Velocity Reviews > Which operation is more expensive?(a <= b and a != 0)

# Which operation is more expensive?(a <= b and a != 0)

Ping Cheu
Guest
Posts: n/a

 02-27-2012
From a web-site that teaches optimization for c,

I saw bellow optimization rule.

int fact1_func (int n)
{
int i, fact = 1;
for (i = 1; i <= n; i++)
fact *= i;
return(fact);
}

int fact2_func(int n)
{
int i, fact = 1;
for (i = n; i != 0; i--)
fact *= i;
return(fact);
}

The author say 'fact2_func' is faster than 'fact1_func'.

That means 'i <= n' operation is more expensive than 'i != 0'.

So far, I thought all condition statements have same cost.

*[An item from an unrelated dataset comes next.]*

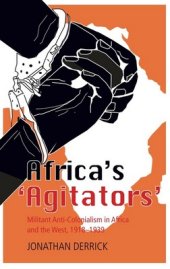 book Africa’s ‘Agitators’: Militant Anti-Colonialism in Africa and the West, 1918-1939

So I want to know the cost of condition states from the fast one to slow
one.

Can anyone tell me?

James Kuyper
Guest
Posts: n/a

 02-27-2012
On 02/27/2012 04:24 PM, Ping Cheu wrote:
> From a web-site that teaches optimization for c,
>
> I saw bellow optimization rule.
>
> int fact1_func (int n)
> {
> int i, fact = 1;
> for (i = 1; i <= n; i++)
> fact *= i;
> return(fact);
> }
>
> int fact2_func(int n)
> {
> int i, fact = 1;
> for (i = n; i != 0; i--)
> fact *= i;
> return(fact);
> }
>
> The author say 'fact2_func' is faster than 'fact1_func'.
>
> That means 'i <= n' operation is more expensive than 'i != 0'.
>
> So far, I thought all condition statements have same cost.
>
> So I want to know the cost of condition states from the fast one to slow
> one.
>
> Can anyone tell me?

Yes, someone can tell you. And the answers will be different on
different machines, and for different compilers on the same machine, and
for different optimization levels for the same compiler on the same
machine. The timings will be different depending upon the nature of the
surrounding code, which will affect how effective the compiler's
optimization will be. Finally, and most importantly, if there are two
different but logically equivalent ways of writing your code, the best
modern compilers will, at high optimization levels, re-write the slower
one so that it is implemented that same way as the faster one. As a
result, if you perform a test, you may find that the two loops execute
equally fast.

In a language like C, which is meant to be widely portable and which
gives you very poor control over the generated machine code, it's a
waste of time to acquire that kind of knowledge. It makes more sense to
worry about such things when you're writing assembly code, where you
have more precise control over what the generated machine code will look
like, and a corresponding responsibility to acquire precisely that kind
of information for the particular machine you're writing the assembly
code for. You don't expect such code to be portable, so you don't have
to worry about the fact that the answers will be different on different
machines.

In C, it makes more sense to worry about higher-level issues - make sure
your algorithm doesn't waste time doing the same thing twice (or worse,
the same thing N times, for N very large). Make sure it only does what
needs to be done, and doesn't waste time and source code doing things
that don't need to be done. Make sure your algorithm is correct, and
most important of all, write your code so that it is clearly a correct
implementation of the algorithm. Let the compiler worry about making it
fast.

If and only if you find your program has a actual speed problem, run a
profiler to find out where it is wasting the most time - it's almost
never the same place that you thought it was, and it's almost never
involves issues like the loop condition you're worrying about here. Keep
in mind that the changes you make to speed it up for the current
platform could make it run slower on some other platform - so you should
always be very reluctant to make such changes.

Keith Thompson
Guest
Posts: n/a

 02-27-2012
Ping Cheu <(E-Mail Removed)> writes:
> From a web-site that teaches optimization for c,
>
> I saw bellow optimization rule.
>

[snip]
>
> The author say 'fact2_func' is faster than 'fact1_func'.
>
> That means 'i <= n' operation is more expensive than 'i != 0'.
>
> So far, I thought all condition statements have same cost.
>
> So I want to know the cost of condition states from the fast one to slow
> one.
>
> Can anyone tell me?

No.

The C language standard says absolutely nothing about the relative
performance of different operations.

It may be the case that "i <= n" will be more expensive than "i !=0"
on some particular system. On another system, they might take
the same time, or "i != 0" might even be more expensive.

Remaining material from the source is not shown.